Colunista do Uol, que após ser demitido da Folha começou a prospectar clientes para lançar site concorrente ao 247, usa informações falsas para questionar investimentos publicitários em sites de notícias; ele também não menciona que audiência do Uol, que o emprega, é turbinada por canais de pornografia explícita

Colunista do Uol, que após ser demitido da Folha começou a prospectar clientes para lançar site concorrente ao 247, usa informações falsas para questionar investimentos publicitários em sites de notícias; ele também não menciona que audiência do Uol, que o emprega, é turbinada por canais de pornografia explícita
Colunista do Uol, que após ser demitido da Folha começou a prospectar clientes para lançar site concorrente ao 247, usa informações falsas para questionar investimentos publicitários em sites de notícias; ele também não menciona que audiência do Uol, que o emprega, é turbinada por canais de pornografia explícita (Foto: Gisele Federicce)
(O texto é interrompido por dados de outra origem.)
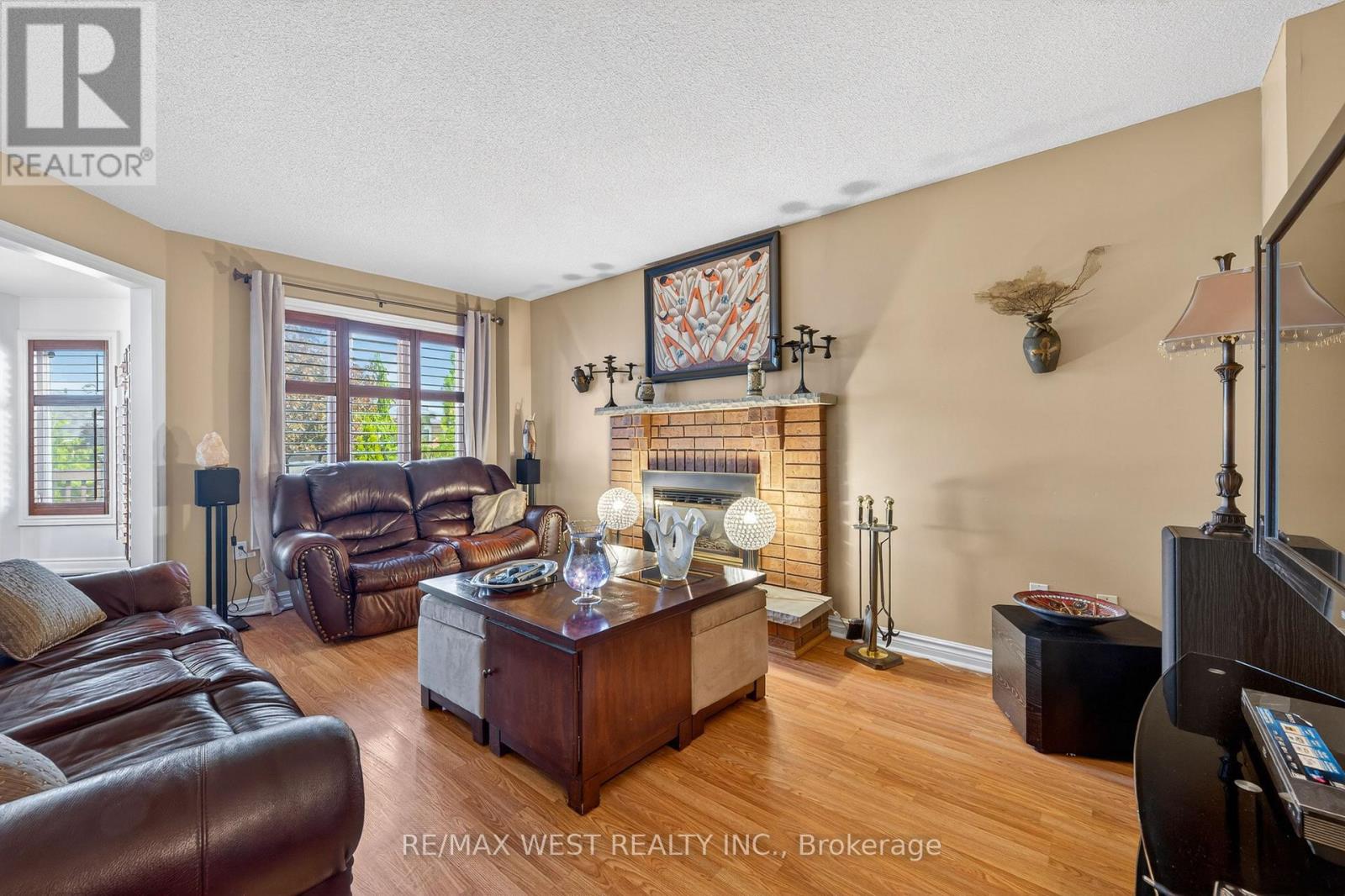 27 GOLDEN MEADOW ROAD - 23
247 – O jornalista Fernando Rodrigues, que recentemente foi demitido da Folha de S. Paulo e, em seguida, começou a prospectar eventuais clientes para criar um site concorrente ao 247, inspirado no americano Politico.com, lançou mão de um golpe baixo, nesta quinta-feira, em seu blog no Uol.

Rodrigues questionou os investimentos publicitários feitos por empresas estatais no que chama de "mídia alternativa" usando informações falsas, que poderiam ter sido facilmente checadas.

No caso do 247, ele utilizou o dado 815 mil visitantes únicos, quando o Google Analytics aponta um número quase três vezes maior, de 2,2 milhões de visitantes únicos.

A partir de seus dados falsos, Rodrigues os compara com os de outros veículos, como o Uol, que o emprega, para questionar a eficácia dos investimentos dos anunciantes.

O jornalista, no entanto, omite quanto da audiência do Uol vem de fatores que nada têm a ver com jornalismo, como os diversos sites pornográficos hospedados pelo portal da família Frias ou o serviço de email.

O que não fica claro, com sua iniciativa desta quinta-feira, é se se trata de um golpe de concorrência desleal dele, Fernando Rodrigues, que estuda se lançar como empreendedor na área digital, ou de seus empregadores.

Finalizando, o que Rodrigues chama de mídia alternativa é um dos portais de notícias mais acessados do Brasil, com colunistas renomados, como Paulo Moreira Leite, Tereza Cruvinel, Breno Altman e, em breve, Hélio Doyle, além de diversos colaboradores e editores regionais espalhados por vários estados brasileiros, sem contar o serviço de notícias em espanhol editado por Guido Nejamkis, ex-Reuters.

Ao contrário de Fernando Rodrigues, que, por inveja ou frustração, tenta sabotar o trabalho alheio, desejamos sorte a ele em seus futuros projetos.